Riley Coates (Class of ‘11) has enjoyed an extended and very successful running career; and one that's far from over.
Note: An abbreviated version of this blog post originated in the 2017 Runnin' Raider Newsletter which can be found at www.runninraiders.com
As a senior in 2011, Riley set the Stevens record in the 800 meters (1:55.1) to go along with modest (by NCAA Division I standards) P.R.’s of 4:23/9:40 in the 1600/3200 meters on the track. While in college at the Air Force Academy, Riley made huge gains, twice qualifying for the NCAA Cross Country Championships and then specializing in the 5,000 & 10,000 meters on the track.
Riley closed his college career running personal bests of 14:08 and 29:52 for the track distance events. To put 14:08 for 5,000m into perspective, that's 4:33 per mile for just over three miles. Riley debuted in the half marathon in January and posted an impressive time of 1:05 and change, narrowly missing the Olympic Trials mark of 1:04.00.
Last fall, Riley earned a spot on USA’s World Military Cross Country Championship squad via his performances at the USA Cross Country Championship, which the military branches use as their selection race for the World Military Championships. Held in Balatonakarratya, Hungary, the event included teams from all over the world.
In the 12 kilometer championship, Riley had an exceptional race, finishing as the 2nd USA runner (24th overall). Riley generously provided a recap of his experience in the following text.
"Europeans take Cross Country very seriously and try to make their courses as difficult as possible.
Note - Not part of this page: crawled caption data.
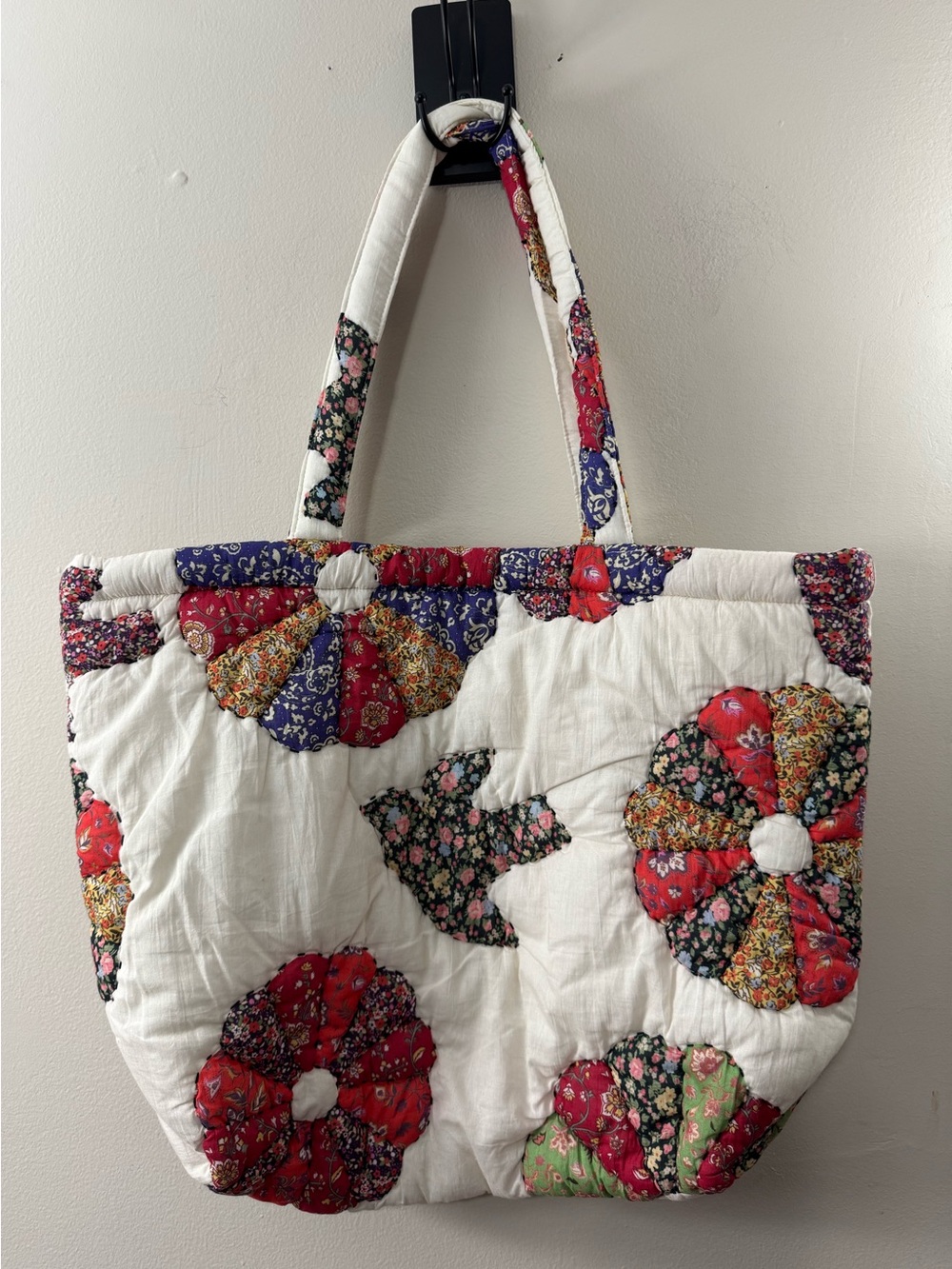 Sezane X Sea NY Quilted Patchwork Maxi Tote Bag Multicolor Bird Print - Picture 4 of 9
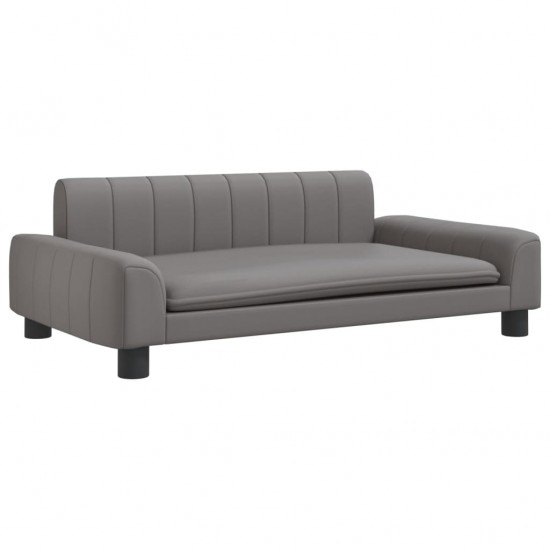 Vaikiška sofa, pilkos spalvos, 90x53x30cm, dirbtinė oda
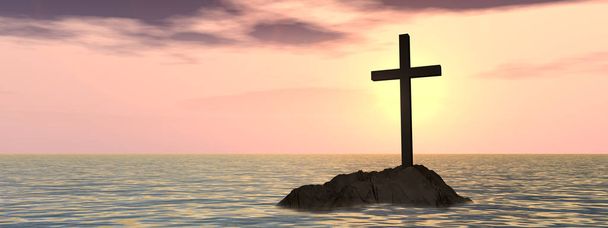 релігійний християнський хрест з небом заходу сонця
 - Фото, зображення
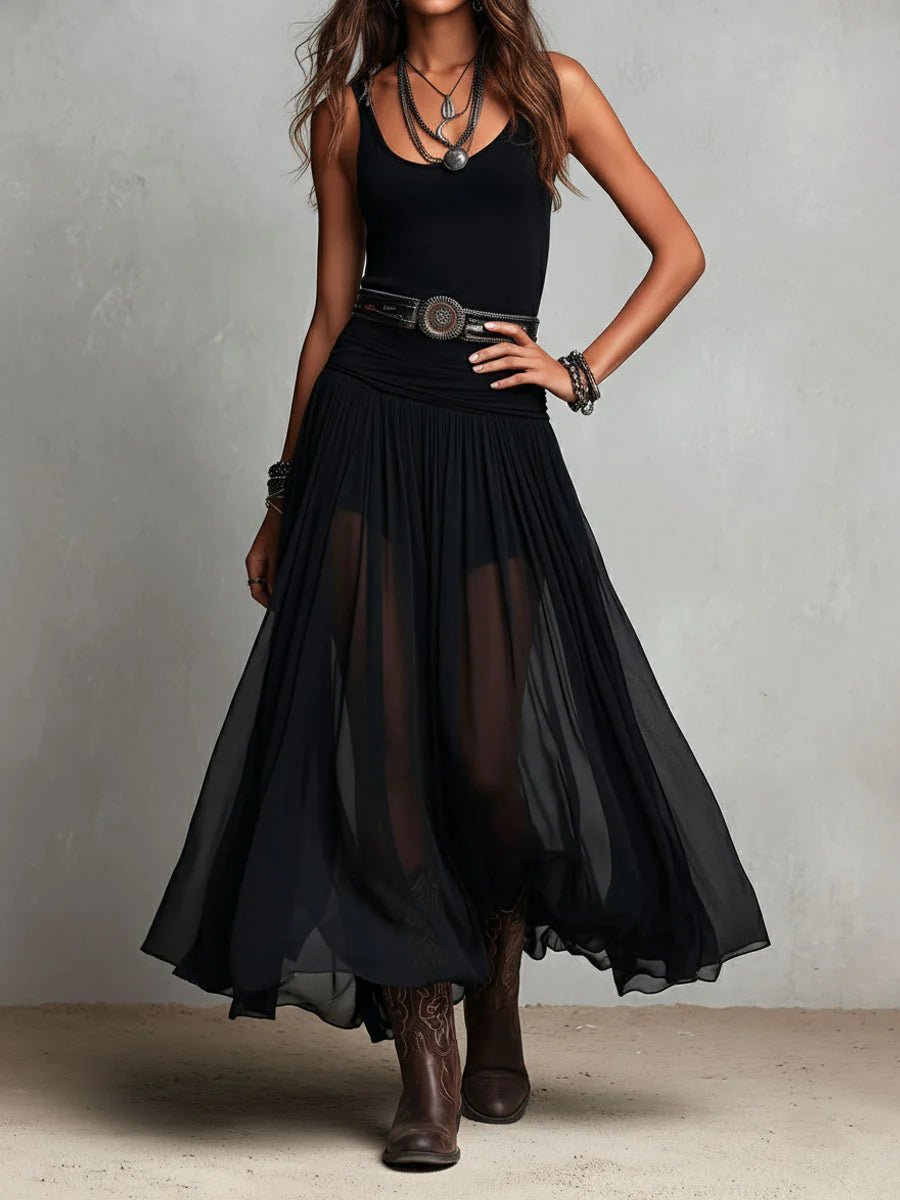 Damen Boho Maxi-Kleid ärmellos V-Ausschnitt fließender Tüllrock Gürtel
There were several obstacles on the roughly 2.3K loop course (5 loops total) including logs, sand, and water pits. With 6 obstacles to each loop, this totaled 30 obstacles to clear while also running 12K of cross country terrain. Fortunately, I managed to clear each one without issue. Not so fortunately, I managed to find a tree root sticking out of the ground with my left foot and hitting the ground pretty hard around the 9k mark. Although I was back on my feet quickly, the fall was a shock to the system, and my last 3k or so was a grind.
I managed to finish 24th overall in an unspectacular time, but overall was pretty happy with my race. We ended up 5th as a team, against some very competitive European and Asian teams.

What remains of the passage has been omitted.